Monday, October 13, 2008
Questions Answered Here
So, here is how I make basic white rice: put the rice in a pot, cover it with water to about a knuckle's length above the rice, add salt, oil or butter if you like, and bring to a boil, uncovered. Let it boil a minute until you see little wormholes to the bottom of the pan, but there's still lots of water, cover and reduce the heat to low, cooking for 15 minutes. edited to add: Let it sit with the heat off for a few minutes while you finish the rest of dinner. Fluff it up and serve. You can also do this with chicken broth instead of water, reducing the salt as necessary. If you really want it fluffy, rinse the raw rice in cold water and drain several times until the water runs clear. Or not. Brown rice is similar, except you need to cook it longer, about three times as long.
The most basic pilaf you can make is just to chop up some onion, finely, and saute it in butter or oil until it is tender, then stir in the rice and saute it until it releases its fragrance, then cover with liquid and salt as above and cook. From here, you can add garlic, lemon zest, herbs, spices, other vegetables, different broths, whatever you want. I tend to add garlic, peppers/celery/longer cooking vegetables and whole spices during the time I saute the onions, fresh herbs, zest, ground spices and quick cooking vegetables after I add the liquid. I sometimes add toasted pine nuts or almonds, but I do that at the very end.

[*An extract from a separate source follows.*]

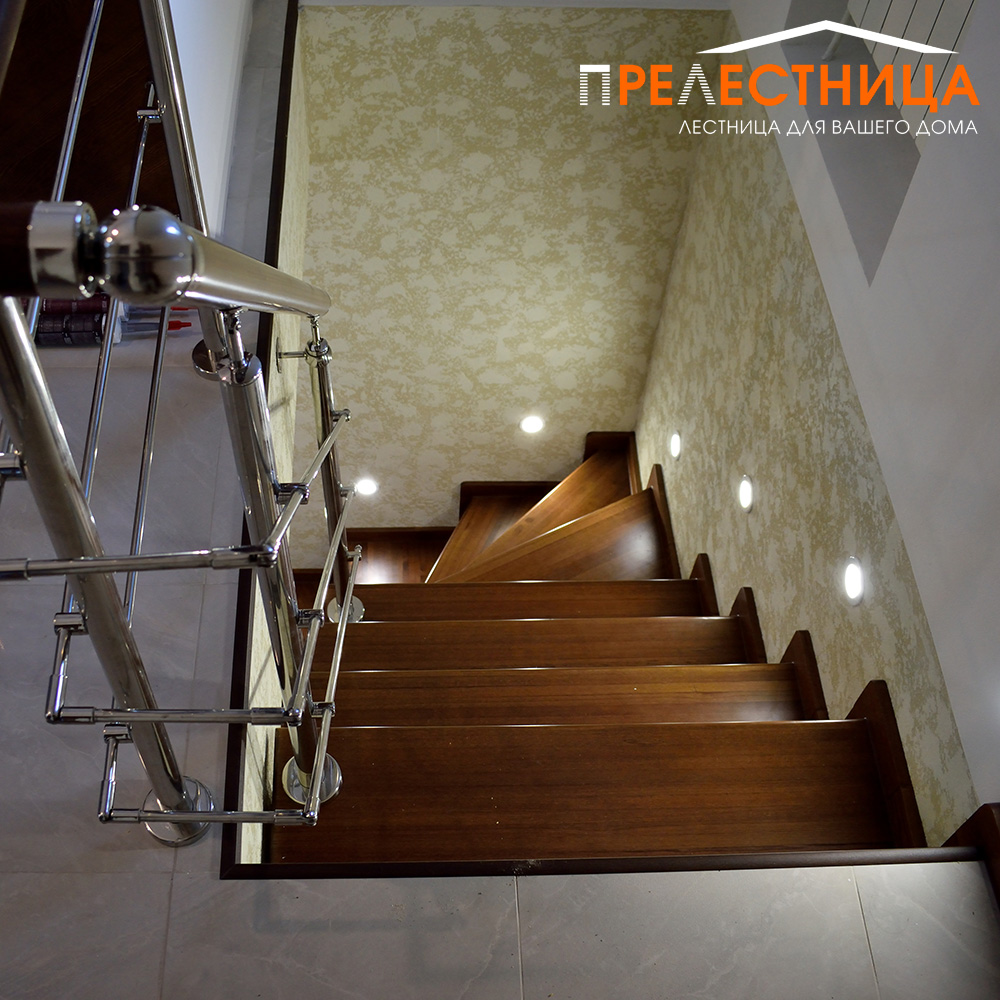 Фото лестницы 3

I haven't made this in a while, but I used to do the whole cinnamon stick, onions, raisins and toasted nuts thing with my rice occasionally. Indian people do something similar with the aforementioned and coconut, sometimes cooking the rice in coconut milk. Use the blonde raisins for this. Iranians and Iraqis make a pilaf with a potato crust on the bottom, which is wonderful, but time consuming.
How's that for an answer?
Thank you thank you THANK YOU! :)
Just kidding. There is an article out there on cooking entire meals in your rice cooker. I've never felt it was necessary to have one, but, I know lots of people do.